Maar wat al die netten betreft kan je er toch beter les over gekregen hebben, anders is het maar moeilijk te begrijpen vind ik. ofja je moet in het vak zitten natuurlijk.

----------


## axs

> citaat:_Geplaatst door ronny_
> 
> de uitleg van tiemen lijkt me zeker te kloppen. zo leggen ze het toch uit in de lessen elektrotechnniek op school hier in belgië.



Vrees ervoor...
ziekenhuizen werken nog altijd op BATTERIJEN!!! Idd, batterijen...  (die weliswaar worden gevoed door het net) met daarachter een stevige DC-&gt;AC converter.

Waarom?
Bij een stroomonderbreking zal ,doordat de volledige voeding vanuit de batterijen gebeurd, niks te merken zijn van een stroomuitval.
Ondertussen wordt de generator opgestart en zal die het laadcircuit van de batterijen overnemen.

Het betreft hier dus ook een volledig gescheiden net zoals Mac al aangaf.

----------


## axs

> citaat:_Geplaatst door axs_
> 
> 
> 
> 
> 
> 
> 			
> 				citaat:_Geplaatst door ronny_
> ...

----------


## ronny

idd axs  daar heb je ook gelijk in.  maar ik bedoelde eigenlijk de theorie over die netten die tiemen zo mooi kon uitleggen. :Wink:

----------


## som

eens onderhoord bij collega;
kan idd zonder aardpen maar dan krijg je wel een zwevende aarde,
de aarde ligt dan gewoon aan je sterpunt maar langs de aardlek schakelaar heen.
nul en fase wel via aardlek.
gevolg hiervan is dat je aarde door sluiting of extreme belastingen best wel spanning kan opleveren t.o.v. de echte aarde, wat weer fijn is op een modern aluminium podium wat met veel voeten op de grond staat.
daarom dus een (hulp) aardepen.
als je geen pen hebt loopt een schok ook niet via de aarde dus blijft je aardlek instaan met een pen springt je aardlek 

wat ook goed werkt is gewoon je podium (mits het metaal is uiteraard :Wink: )koppelen met het aggregaat, dan heb je sowieso geen potentiaalverschil meer met de randaarde.

wat cijfers;
met een aardlekschakelaar van 30ma moet de aardpen weerstand kleiner zijn dan 100 ohm.
zonder aardlek (ja dat mag):25 gedeeld door de zwaarste groep vant aggregaat dus bij een 25 a ; 25 : 25 = 1 ohm of minder, maar dan heb je wel een mega lange pen nodig.
de kabel tussen pen en lasdoos moet min 25 mm2 zijn en vanaf daar mag ie verder met 6 mm2
pen dient trouwens altijd gemeten te worden met een 5010 meter (erkend) maar dit heb ik nog nooit meegemaakt....

----------


## jans

Iemand al eens gehoord van een verschoven nul als gevolg van een generator die niet gelijkmatig is belast en waarvan het sterpunt niet geaard is.?? Toch zonde van een gedeelte van je spulletjes van van een van de fasen gaat de spanning omhoog.
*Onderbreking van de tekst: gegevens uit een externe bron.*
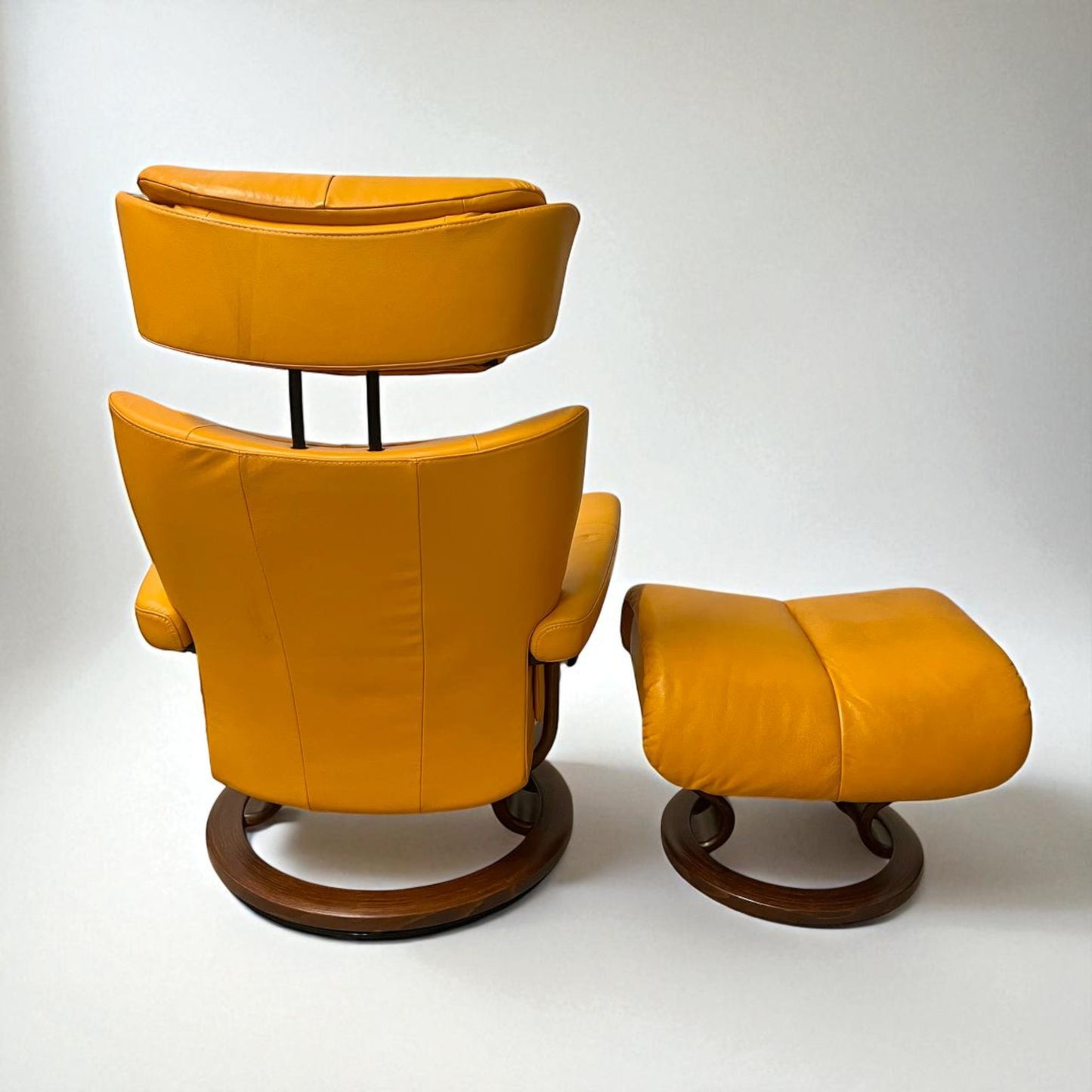 Stressless Magic (S) lenestol med krakk – oransje skinn | MøbelGlede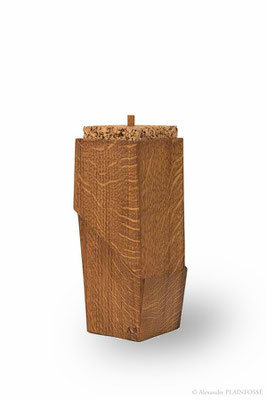 Coffret en chêne teinté et liège.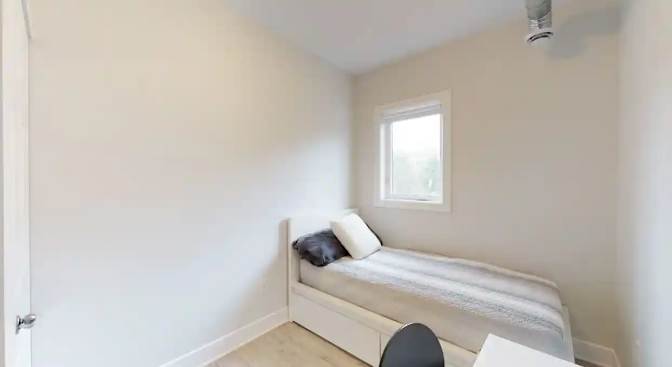 Melanie Kattina's room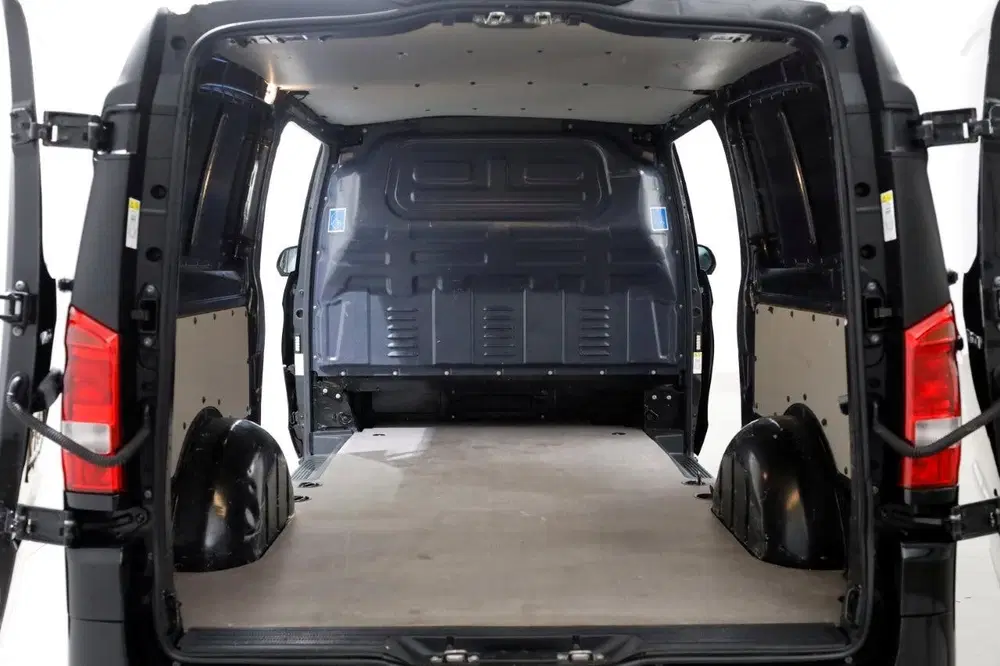 Mercedes-Benz Vito 116 CDI 163pk 9G Automaat XL Extra Lang 4 uit 2024, foto 5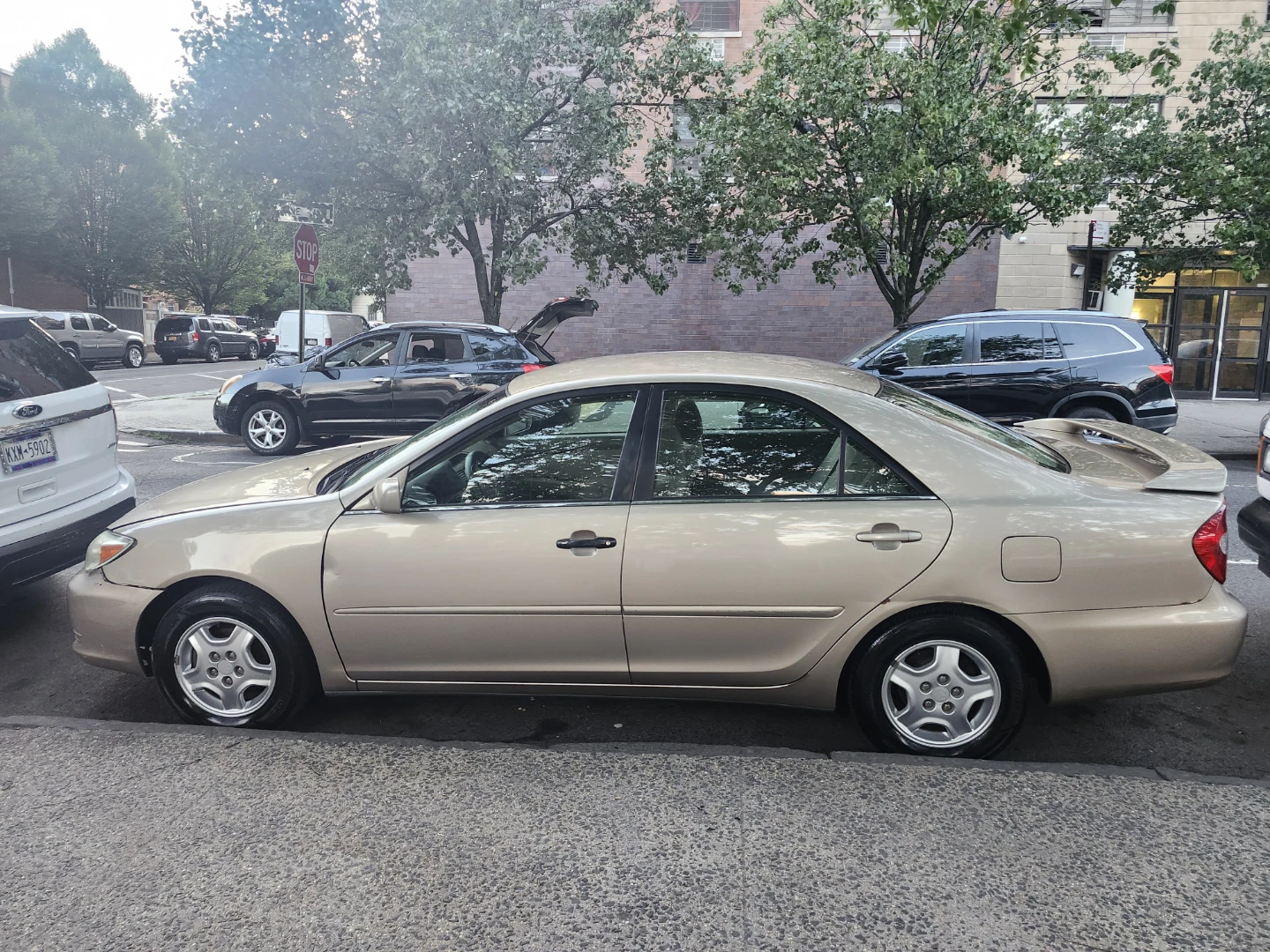 2002 Toyota Camry Sedan LE - photo 4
Geld alleen als de generator flink belast wordt. Met een overbemeten generator zal dit niet zo snel voorkomen.
Ik las een opmerking over een generator gebruikt op het NAM terrein maar welke niet was geaard?? Bij ons, ik kom uut Grunn, wil de NAM alles geaard cq potentiaalvereffend hebben, maar goed dat is off topic.
Zelf ben ik een voorstander van het aarden van een generator, maar kan leven met mensen die er voordelen in zien dit niet te doen zeker als de aardverspreidingsweerstand niet kan of wordt gemeten want dan heeft een pennetje in de grond slaan toch geen zin. Het biedt in ieder geval geen zekerheid. Het vereffenen van een podium t.o.v. de voeding en andere geleidende aanraakbare delen is goed maar dit heeft niets met aarding te maken. Het meten van de aardverspreidingsweerstand met een multimeter?? dacht het niet.
Als een aardpen 80 meter diep moet kun je beter meerdere parallel slaan maar dat wist de lokale elektra meneer zeker niet.
Eh Axe, als de batterijen waar jij het over hebt gaan werken, dan werkt aleen het hoognodige nog, dan zijn ook de nooddiesels kapot of de diesel is op 1 van zessen.
De theorien over de verschillende stelsels komen bekend voor, tijd om er eens weer in te duiken.

De mazzel

----------


## som

_Het vereffenen van een podium t.o.v. de voeding en andere geleidende aanraakbare delen is goed maar dit heeft niets met aarding te maken._

potentiaalvrij maken t.o.v. de voeding is juist aarden.
bij voorkeur alle aanraakbare of opstapbare delen.
we draaien dus via een aggregaat en hebben derhalve niets met de aarding van de ijsselcentrale te maken :Big Grin:

----------


## ronny

jans  jouw verhaal kan toch alleen maar gebeuren als je nul werkelijk zou wegvallen/doorbreken/wegsmelten...   met als gevolg dat je een zwevend sterpunt krijgt waardoor dat de spanning op de fase die het zwaarste belast is omhoog zal gaan(tegen de 400V).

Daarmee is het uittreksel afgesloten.